Through fortuitous hijinks, he’s eventually cast as Lysander in Oates’s flailing production, much to the harried director’s mounting chagrin. After realizing that Kelly is the girl of his dreams midway through the final performance, Berke improvises a new ending to the play in which Lysander confesses his love to Helena. Striker makes a fool of himself, the crowd eats up the unplanned spectacle, and Oates basks in the unexpected roar of applause. 

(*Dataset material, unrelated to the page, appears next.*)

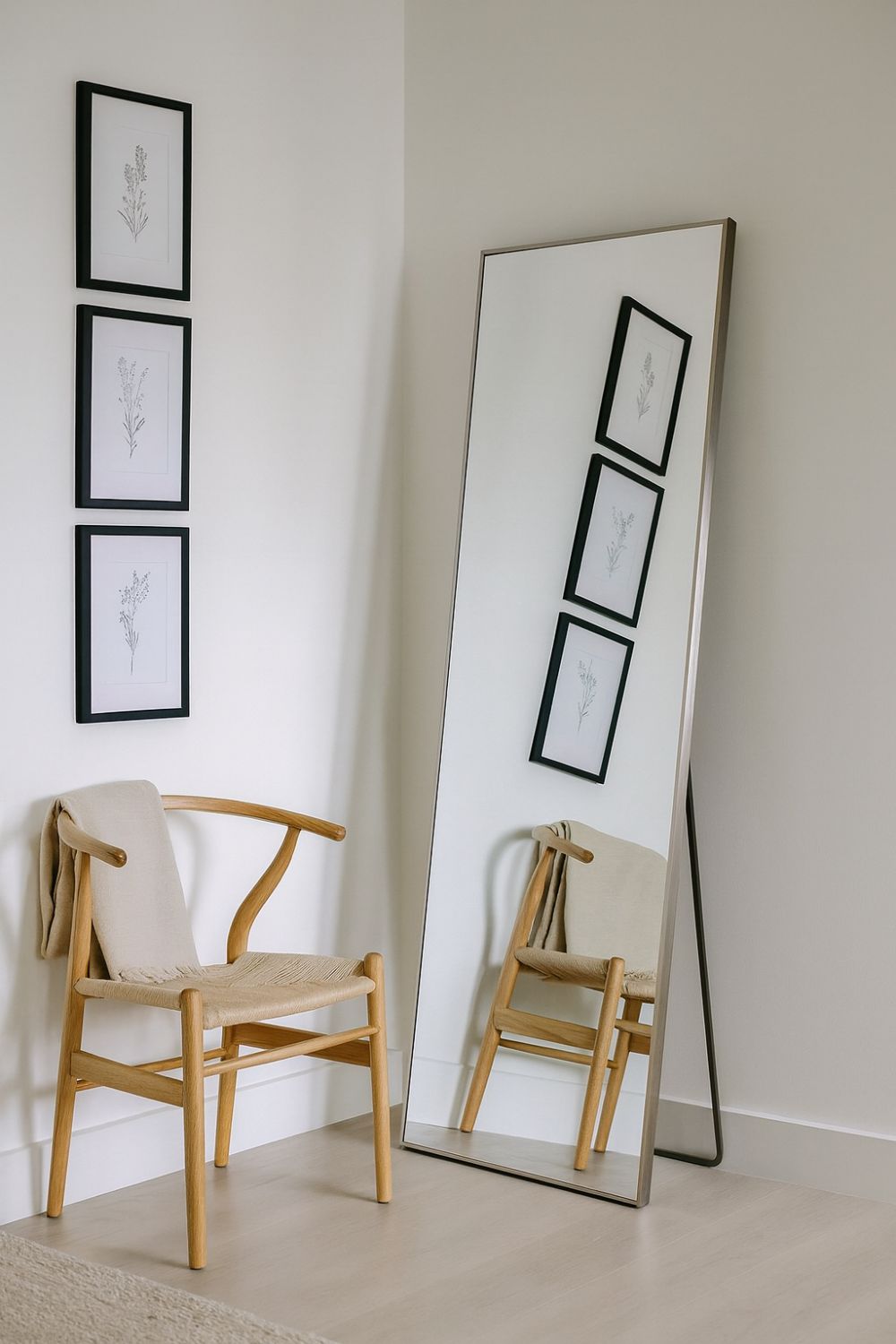 Modern Metal Frame Full Length Rectangular Decorative Leaning Mirror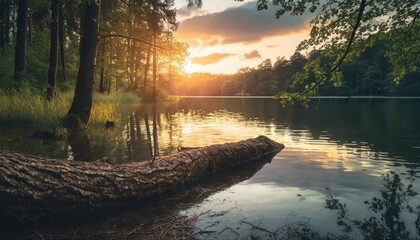 lake in the forest at sunset with tree trunk in the foreground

The meat of the plot is far-flung from its ostensible source, but by placing the play at the center of the action, A Midsummer Night’s Dream becomes a reflective surface for Get Over It’s interlocking teen romances to react against. The film is clever and circuitous, bucking the expected frameworks of adaptation while also enacting them in a playful (if mocking) spirit. Though O’Haver’s sensibilities frequently play as smug and vainglorious, these qualities belie a deeper wisdom––an understanding that fiction, performance, and mimicry are often invaluable tools for learning more about ourselves.